- Exercise -
The line containing "Camicia di denim" and every line after it, through the last line of the records, are to be transcribed exactly, and nothing else.

Extracted data entries:
Segment Open
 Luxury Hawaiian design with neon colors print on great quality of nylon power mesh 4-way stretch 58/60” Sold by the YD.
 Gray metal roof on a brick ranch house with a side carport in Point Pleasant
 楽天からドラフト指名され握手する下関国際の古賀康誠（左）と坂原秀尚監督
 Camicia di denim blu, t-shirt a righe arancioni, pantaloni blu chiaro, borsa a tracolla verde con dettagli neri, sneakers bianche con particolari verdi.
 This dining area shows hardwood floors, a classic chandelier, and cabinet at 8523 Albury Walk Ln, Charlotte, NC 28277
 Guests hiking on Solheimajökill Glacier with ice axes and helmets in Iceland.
Segment Closed
- Task response -
 Camicia di denim blu, t-shirt a righe arancioni, pantaloni blu chiaro, borsa a tracolla verde con dettagli neri, sneakers bianche con particolari verdi.
 This dining area shows hardwood floors, a classic chandelier, and cabinet at 8523 Albury Walk Ln, Charlotte, NC 28277
 Guests hiking on Solheimajökill Glacier with ice axes and helmets in Iceland.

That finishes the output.